■ Task objective:
Restate all of the records below exactly. Do not carry over any image.

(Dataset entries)

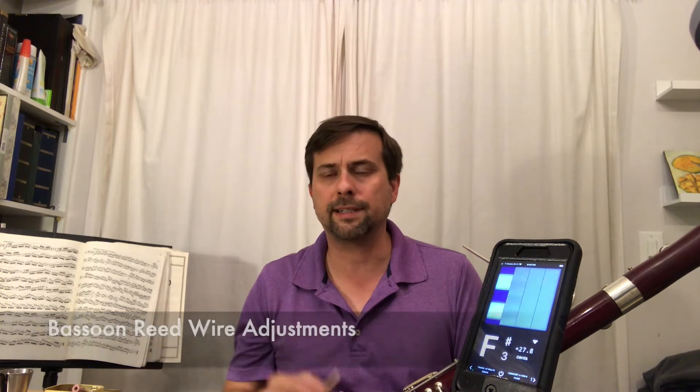Hello, I'm Gabriel Beavers, bassoonist with the Palm Beach Symphony. Today I'm going to give you a couple of quick tips on how you can use the wire shape on your reeds to adjust them for better comfort when you're playing.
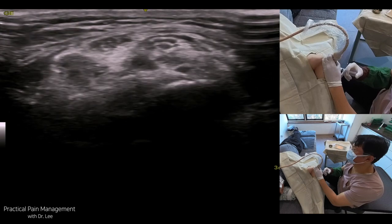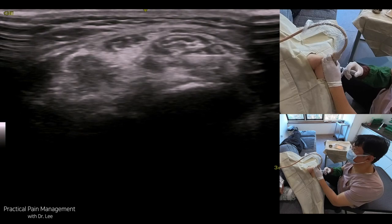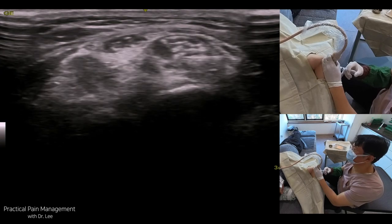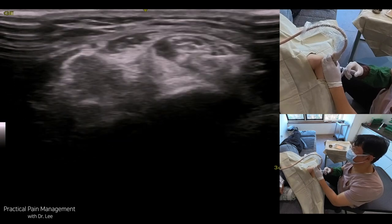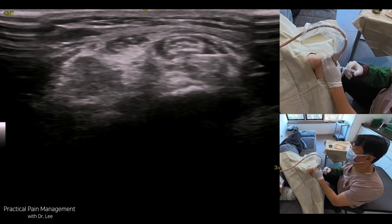Ultrasound-guided hydrodissection is a minimally invasive technique used to release entrapped peripheral nerves by injecting fluid to separate the nerve from surrounding tissues. Here is a detailed step-by-step technique for performing this procedure.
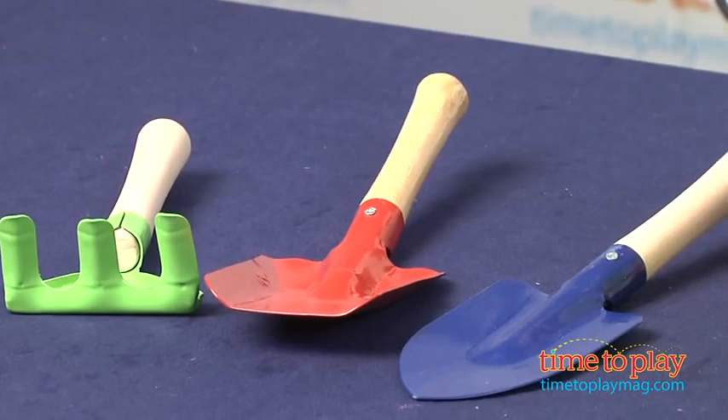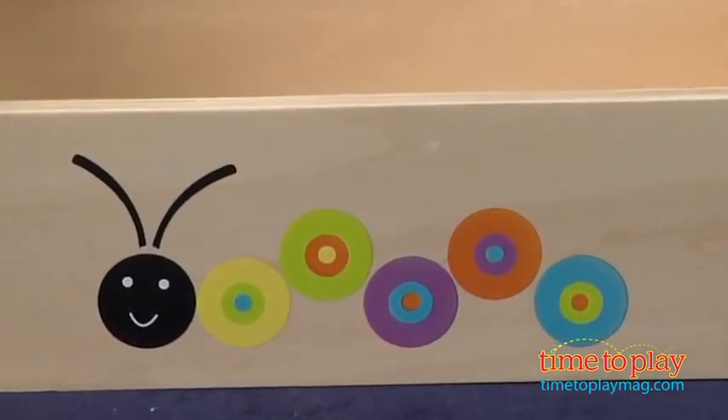It comes with three child-sized real metal tools: a rake, a shovel, and a trowel. And they all fit inside this really cute wooden tool box that has bright caterpillar and insect graphics on the outside.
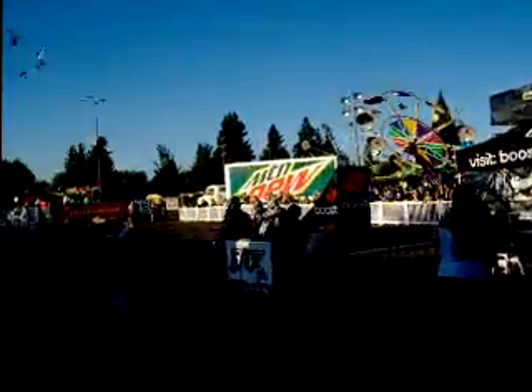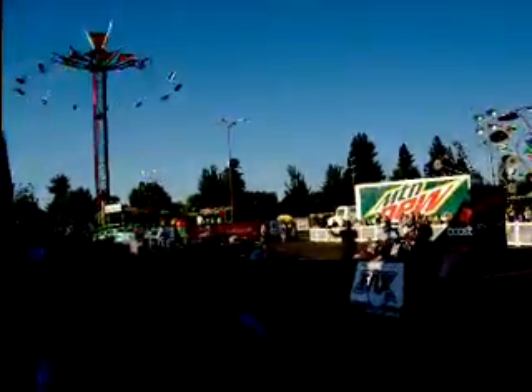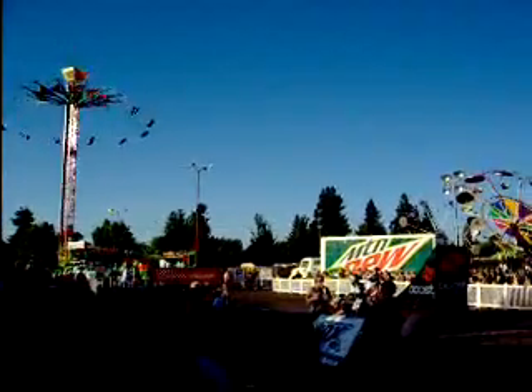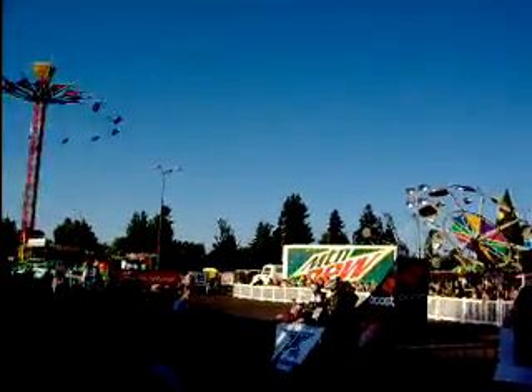When you're in the dirt, they can carve right up the face of the take-off, but this take-off is only about this wide — not a whole lot of room to carve — so you've got to get it all done at the top of the lip and through the air.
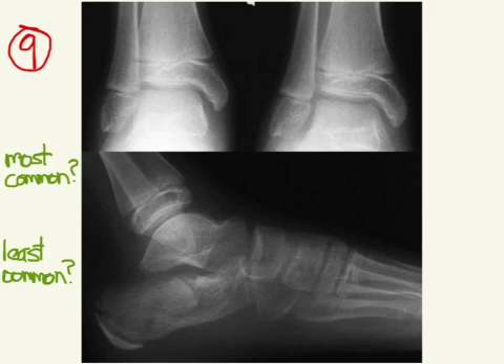This one again is a little bit difficult to see, but you can see here we have a nice epiphyseal plate there. All of a sudden in the middle it kind of gets jammed up over there — or rammed or crushed. So we'll call this a Salter-Harris 5.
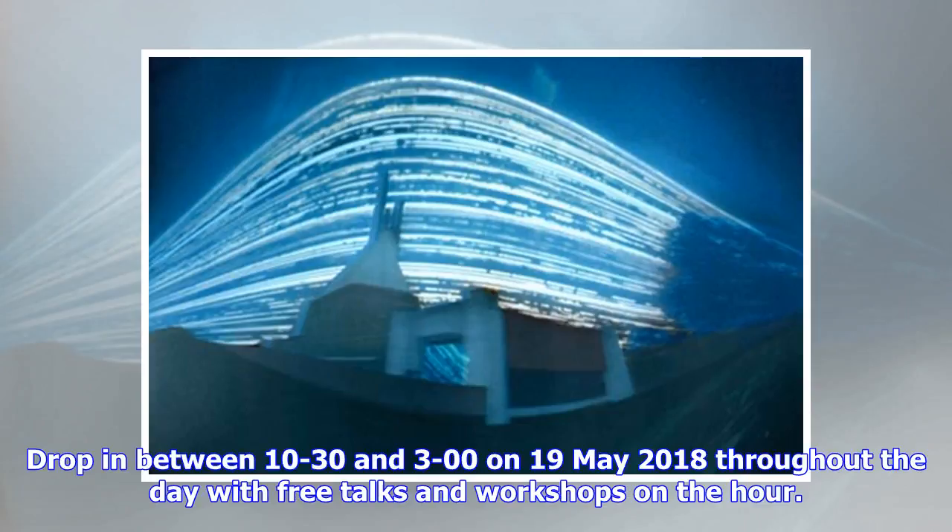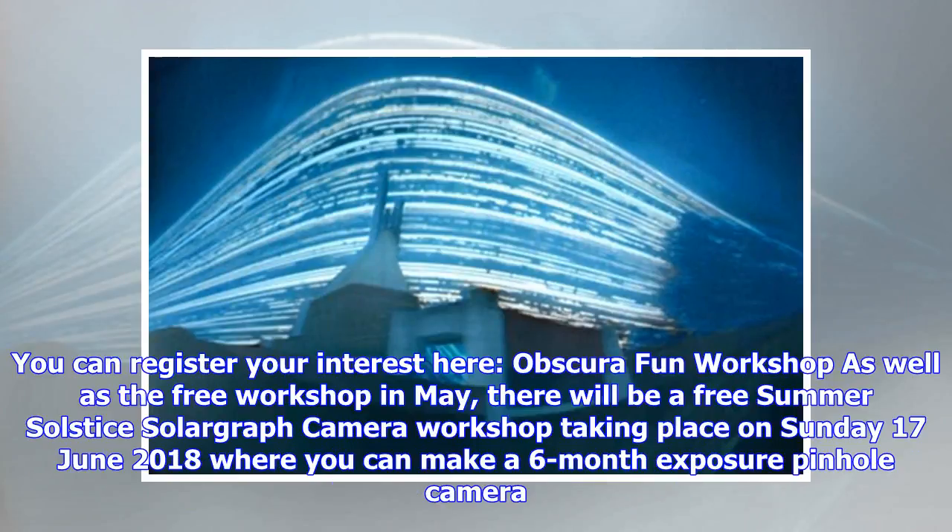Drop in between 10:30 and 3:00 on 19 May 2018, throughout the day with free talks and workshops on the hour. You can register your interest for this camera obscura fun workshop.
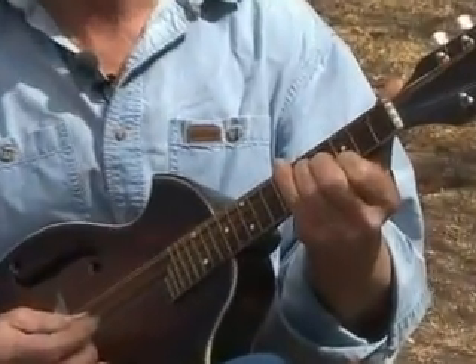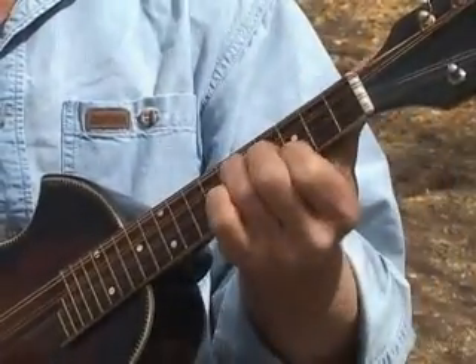This is a bluegrass kind of mandolin, tuned to open G. If you look at my fingers, eventually you'll see this pattern repeated. This is actually the D chord in open E, but I'm missing the string over here.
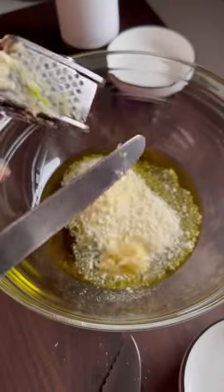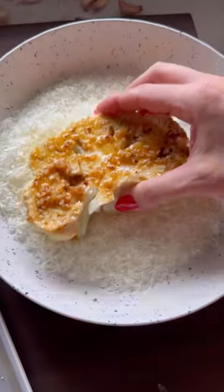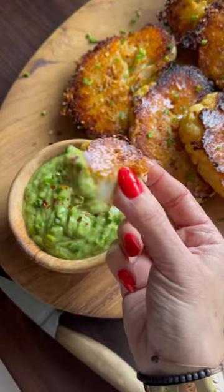Brush both sides of your steaks in a mixture of olive oil, grated Parmesan, lots of garlic and spices. Lastly, dip one side in freshly grated Parmesan and bake until crispy. Now love your life.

■ Result of the task:
Hello, I'm Gabriel Beavers, bassoonist with the Palm Beach Symphony. Today I'm going to give you a couple of quick tips on how you can use the wire shape on your reeds to adjust them for better comfort when you're playing.
Ultrasound-guided hydrodissection is a minimally invasive technique used to release entrapped peripheral nerves by injecting fluid to separate the nerve from surrounding tissues. Here is a detailed step-by-step technique for performing this procedure.
It comes with three child-sized real metal tools: a rake, a shovel, and a trowel. And they all fit inside this really cute wooden tool box that has bright caterpillar and insect graphics on the outside.
When you're in the dirt, they can carve right up the face of the take-off, but this take-off is only about this wide — not a whole lot of room to carve — so you've got to get it all done at the top of the lip and through the air.
This one again is a little bit difficult to see, but you can see here we have a nice epiphyseal plate there. All of a sudden in the middle it kind of gets jammed up over there — or rammed or crushed. So we'll call this a Salter-Harris 5.
Drop in between 10:30 and 3:00 on 19 May 2018, throughout the day with free talks and workshops on the hour. You can register your interest for this camera obscura fun workshop.
This is a bluegrass kind of mandolin, tuned to open G. If you look at my fingers, eventually you'll see this pattern repeated. This is actually the D chord in open E, but I'm missing the string over here.
Brush both sides of your steaks in a mixture of olive oil, grated Parmesan, lots of garlic and spices. Lastly, dip one side in freshly grated Parmesan and bake until crispy. Now love your life.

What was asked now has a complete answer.